(Source data):
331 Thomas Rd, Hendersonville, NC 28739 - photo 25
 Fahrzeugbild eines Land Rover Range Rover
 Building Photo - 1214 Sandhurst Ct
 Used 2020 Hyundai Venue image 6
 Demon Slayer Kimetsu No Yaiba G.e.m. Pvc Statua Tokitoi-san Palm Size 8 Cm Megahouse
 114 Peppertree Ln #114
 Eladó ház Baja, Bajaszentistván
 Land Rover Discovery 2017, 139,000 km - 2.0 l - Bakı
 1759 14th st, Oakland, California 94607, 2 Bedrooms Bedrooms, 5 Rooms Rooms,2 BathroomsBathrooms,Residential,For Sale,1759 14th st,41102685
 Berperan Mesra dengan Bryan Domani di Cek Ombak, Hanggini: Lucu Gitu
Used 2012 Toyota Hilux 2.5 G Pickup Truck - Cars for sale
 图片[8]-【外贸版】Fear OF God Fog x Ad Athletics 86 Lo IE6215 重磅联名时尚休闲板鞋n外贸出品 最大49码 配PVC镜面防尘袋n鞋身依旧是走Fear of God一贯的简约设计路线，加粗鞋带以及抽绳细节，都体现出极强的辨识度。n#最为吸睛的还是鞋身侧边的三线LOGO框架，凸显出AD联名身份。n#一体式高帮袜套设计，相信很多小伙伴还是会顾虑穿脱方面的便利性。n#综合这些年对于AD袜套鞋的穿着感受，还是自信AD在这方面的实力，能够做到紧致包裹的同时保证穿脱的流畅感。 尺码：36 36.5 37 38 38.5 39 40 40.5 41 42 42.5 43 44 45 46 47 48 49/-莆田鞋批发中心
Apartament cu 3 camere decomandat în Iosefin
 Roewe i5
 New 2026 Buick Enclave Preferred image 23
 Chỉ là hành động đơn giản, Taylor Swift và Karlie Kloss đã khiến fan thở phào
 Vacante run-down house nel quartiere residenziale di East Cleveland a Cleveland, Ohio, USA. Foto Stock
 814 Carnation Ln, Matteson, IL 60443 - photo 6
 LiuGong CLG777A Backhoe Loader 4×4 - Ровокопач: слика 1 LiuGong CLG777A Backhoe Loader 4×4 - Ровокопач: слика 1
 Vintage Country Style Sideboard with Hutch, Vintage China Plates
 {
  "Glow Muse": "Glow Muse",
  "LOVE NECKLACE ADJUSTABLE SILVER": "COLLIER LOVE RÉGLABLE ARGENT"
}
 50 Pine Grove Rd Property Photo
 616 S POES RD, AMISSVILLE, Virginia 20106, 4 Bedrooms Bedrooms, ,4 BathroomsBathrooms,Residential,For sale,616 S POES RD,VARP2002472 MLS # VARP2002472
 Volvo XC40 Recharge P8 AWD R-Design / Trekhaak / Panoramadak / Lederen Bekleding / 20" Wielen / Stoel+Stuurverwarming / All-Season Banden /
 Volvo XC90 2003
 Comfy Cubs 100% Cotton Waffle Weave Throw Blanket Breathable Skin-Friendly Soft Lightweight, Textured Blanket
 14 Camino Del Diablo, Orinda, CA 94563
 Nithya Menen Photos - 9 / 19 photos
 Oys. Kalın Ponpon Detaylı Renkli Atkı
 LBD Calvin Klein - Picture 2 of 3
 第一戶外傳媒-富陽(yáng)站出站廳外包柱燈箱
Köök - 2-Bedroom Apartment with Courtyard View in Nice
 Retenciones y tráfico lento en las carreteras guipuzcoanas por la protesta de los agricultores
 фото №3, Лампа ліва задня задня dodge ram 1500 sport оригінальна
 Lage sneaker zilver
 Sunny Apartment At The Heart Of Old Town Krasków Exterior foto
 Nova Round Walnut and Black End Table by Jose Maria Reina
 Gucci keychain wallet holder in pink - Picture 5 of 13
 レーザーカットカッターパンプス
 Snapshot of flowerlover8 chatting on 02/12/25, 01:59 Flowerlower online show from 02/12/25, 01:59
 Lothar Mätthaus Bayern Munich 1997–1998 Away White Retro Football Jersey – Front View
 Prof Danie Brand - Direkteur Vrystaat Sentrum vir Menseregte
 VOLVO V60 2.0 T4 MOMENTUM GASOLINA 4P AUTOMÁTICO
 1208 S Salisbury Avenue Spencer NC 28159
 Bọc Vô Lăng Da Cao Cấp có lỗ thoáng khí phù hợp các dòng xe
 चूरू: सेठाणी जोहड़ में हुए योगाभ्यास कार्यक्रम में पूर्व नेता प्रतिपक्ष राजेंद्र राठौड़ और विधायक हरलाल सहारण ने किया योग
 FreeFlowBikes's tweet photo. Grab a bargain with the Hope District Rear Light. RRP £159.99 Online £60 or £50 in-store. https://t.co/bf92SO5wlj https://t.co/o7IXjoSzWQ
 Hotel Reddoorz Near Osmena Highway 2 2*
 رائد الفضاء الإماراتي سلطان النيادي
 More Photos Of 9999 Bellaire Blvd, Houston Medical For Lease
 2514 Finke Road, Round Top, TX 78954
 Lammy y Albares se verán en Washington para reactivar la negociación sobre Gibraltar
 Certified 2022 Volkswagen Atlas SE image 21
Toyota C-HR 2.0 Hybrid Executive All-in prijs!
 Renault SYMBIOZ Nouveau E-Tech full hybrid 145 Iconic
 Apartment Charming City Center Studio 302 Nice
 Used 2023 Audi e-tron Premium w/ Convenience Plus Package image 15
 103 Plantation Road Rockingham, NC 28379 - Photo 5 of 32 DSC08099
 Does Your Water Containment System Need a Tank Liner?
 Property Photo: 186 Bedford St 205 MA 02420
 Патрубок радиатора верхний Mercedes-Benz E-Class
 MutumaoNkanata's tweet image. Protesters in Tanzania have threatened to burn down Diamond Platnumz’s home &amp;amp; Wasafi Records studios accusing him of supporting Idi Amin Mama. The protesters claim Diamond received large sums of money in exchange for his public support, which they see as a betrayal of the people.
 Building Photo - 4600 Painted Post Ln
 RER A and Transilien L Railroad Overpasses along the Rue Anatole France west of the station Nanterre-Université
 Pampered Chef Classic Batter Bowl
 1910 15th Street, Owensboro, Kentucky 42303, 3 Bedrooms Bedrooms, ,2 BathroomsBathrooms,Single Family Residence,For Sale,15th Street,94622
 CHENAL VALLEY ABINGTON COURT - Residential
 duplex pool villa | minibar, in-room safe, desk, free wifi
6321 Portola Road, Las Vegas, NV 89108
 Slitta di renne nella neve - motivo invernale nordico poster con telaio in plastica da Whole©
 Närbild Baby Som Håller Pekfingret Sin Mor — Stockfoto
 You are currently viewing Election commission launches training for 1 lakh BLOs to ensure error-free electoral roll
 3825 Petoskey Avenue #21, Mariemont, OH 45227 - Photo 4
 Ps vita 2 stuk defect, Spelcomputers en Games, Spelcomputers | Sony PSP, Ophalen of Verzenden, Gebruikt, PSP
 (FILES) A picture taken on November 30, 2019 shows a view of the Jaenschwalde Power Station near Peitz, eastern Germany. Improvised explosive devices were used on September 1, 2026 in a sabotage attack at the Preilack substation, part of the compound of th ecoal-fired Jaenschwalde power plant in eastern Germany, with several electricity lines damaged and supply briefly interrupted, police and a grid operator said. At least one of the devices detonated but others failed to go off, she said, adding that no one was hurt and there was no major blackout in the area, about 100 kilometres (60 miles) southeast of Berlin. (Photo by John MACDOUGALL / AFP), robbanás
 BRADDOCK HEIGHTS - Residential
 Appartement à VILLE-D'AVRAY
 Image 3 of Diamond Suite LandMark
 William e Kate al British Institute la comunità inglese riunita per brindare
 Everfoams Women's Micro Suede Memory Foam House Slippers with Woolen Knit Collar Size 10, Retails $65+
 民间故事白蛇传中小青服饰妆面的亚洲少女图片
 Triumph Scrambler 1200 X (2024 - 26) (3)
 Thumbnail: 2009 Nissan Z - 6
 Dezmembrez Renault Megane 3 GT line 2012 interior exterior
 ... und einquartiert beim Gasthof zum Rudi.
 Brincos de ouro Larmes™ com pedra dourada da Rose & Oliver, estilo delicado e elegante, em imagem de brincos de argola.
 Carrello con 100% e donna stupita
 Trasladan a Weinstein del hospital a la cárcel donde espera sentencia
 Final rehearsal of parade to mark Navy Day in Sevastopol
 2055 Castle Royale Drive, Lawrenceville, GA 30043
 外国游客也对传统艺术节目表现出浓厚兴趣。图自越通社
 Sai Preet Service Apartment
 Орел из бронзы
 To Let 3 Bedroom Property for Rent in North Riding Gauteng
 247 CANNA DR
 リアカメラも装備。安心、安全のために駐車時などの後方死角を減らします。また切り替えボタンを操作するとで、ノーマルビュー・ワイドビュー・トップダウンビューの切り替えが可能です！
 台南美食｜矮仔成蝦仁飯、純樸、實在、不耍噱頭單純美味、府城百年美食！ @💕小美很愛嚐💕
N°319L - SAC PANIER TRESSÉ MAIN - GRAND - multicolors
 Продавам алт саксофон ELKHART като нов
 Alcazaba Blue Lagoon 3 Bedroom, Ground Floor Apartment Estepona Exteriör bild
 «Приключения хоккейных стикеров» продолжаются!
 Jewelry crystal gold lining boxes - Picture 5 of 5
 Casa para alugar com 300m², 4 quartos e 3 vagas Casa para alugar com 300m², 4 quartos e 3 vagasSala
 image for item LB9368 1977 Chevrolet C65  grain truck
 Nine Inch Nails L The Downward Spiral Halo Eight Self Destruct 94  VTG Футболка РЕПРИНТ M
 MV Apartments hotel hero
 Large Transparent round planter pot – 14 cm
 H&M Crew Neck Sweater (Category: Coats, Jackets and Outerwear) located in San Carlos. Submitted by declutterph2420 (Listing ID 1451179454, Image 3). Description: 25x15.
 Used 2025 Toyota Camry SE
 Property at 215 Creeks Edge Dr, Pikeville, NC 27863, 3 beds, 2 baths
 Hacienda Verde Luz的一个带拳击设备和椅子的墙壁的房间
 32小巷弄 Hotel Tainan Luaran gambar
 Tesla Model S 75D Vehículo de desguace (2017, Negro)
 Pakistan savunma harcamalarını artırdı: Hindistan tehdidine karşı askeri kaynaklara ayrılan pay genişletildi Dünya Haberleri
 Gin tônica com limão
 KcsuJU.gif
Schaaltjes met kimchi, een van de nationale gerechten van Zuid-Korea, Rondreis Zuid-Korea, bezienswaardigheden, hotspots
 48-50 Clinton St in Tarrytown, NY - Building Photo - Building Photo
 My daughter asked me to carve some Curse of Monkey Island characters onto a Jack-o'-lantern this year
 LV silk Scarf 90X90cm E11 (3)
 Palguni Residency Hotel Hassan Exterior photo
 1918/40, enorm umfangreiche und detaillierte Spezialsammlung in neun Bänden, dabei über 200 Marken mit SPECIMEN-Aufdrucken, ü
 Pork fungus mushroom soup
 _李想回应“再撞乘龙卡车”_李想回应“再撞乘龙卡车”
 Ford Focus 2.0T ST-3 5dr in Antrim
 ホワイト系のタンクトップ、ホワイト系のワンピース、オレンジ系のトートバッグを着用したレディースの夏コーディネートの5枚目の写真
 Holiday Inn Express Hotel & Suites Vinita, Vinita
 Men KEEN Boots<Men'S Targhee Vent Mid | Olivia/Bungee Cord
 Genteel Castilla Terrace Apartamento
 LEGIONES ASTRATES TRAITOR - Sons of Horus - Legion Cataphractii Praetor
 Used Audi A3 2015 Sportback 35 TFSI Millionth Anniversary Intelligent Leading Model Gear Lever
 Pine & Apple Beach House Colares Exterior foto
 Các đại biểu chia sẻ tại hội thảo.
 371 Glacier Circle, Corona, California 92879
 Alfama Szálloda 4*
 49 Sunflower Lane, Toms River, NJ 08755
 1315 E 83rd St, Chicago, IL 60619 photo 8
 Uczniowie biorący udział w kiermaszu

(What to work on): Retype, exactly and with nothing added, the lines of the material above from the first through the one that contains "Used 2012 Toyota".

(Response for this exercise):
331 Thomas Rd, Hendersonville, NC 28739 - photo 25
 Fahrzeugbild eines Land Rover Range Rover
 Building Photo - 1214 Sandhurst Ct
 Used 2020 Hyundai Venue image 6
 Demon Slayer Kimetsu No Yaiba G.e.m. Pvc Statua Tokitoi-san Palm Size 8 Cm Megahouse
 114 Peppertree Ln #114
 Eladó ház Baja, Bajaszentistván
 Land Rover Discovery 2017, 139,000 km - 2.0 l - Bakı
 1759 14th st, Oakland, California 94607, 2 Bedrooms Bedrooms, 5 Rooms Rooms,2 BathroomsBathrooms,Residential,For Sale,1759 14th st,41102685
 Berperan Mesra dengan Bryan Domani di Cek Ombak, Hanggini: Lucu Gitu
Used 2012 Toyota Hilux 2.5 G Pickup Truck - Cars for sale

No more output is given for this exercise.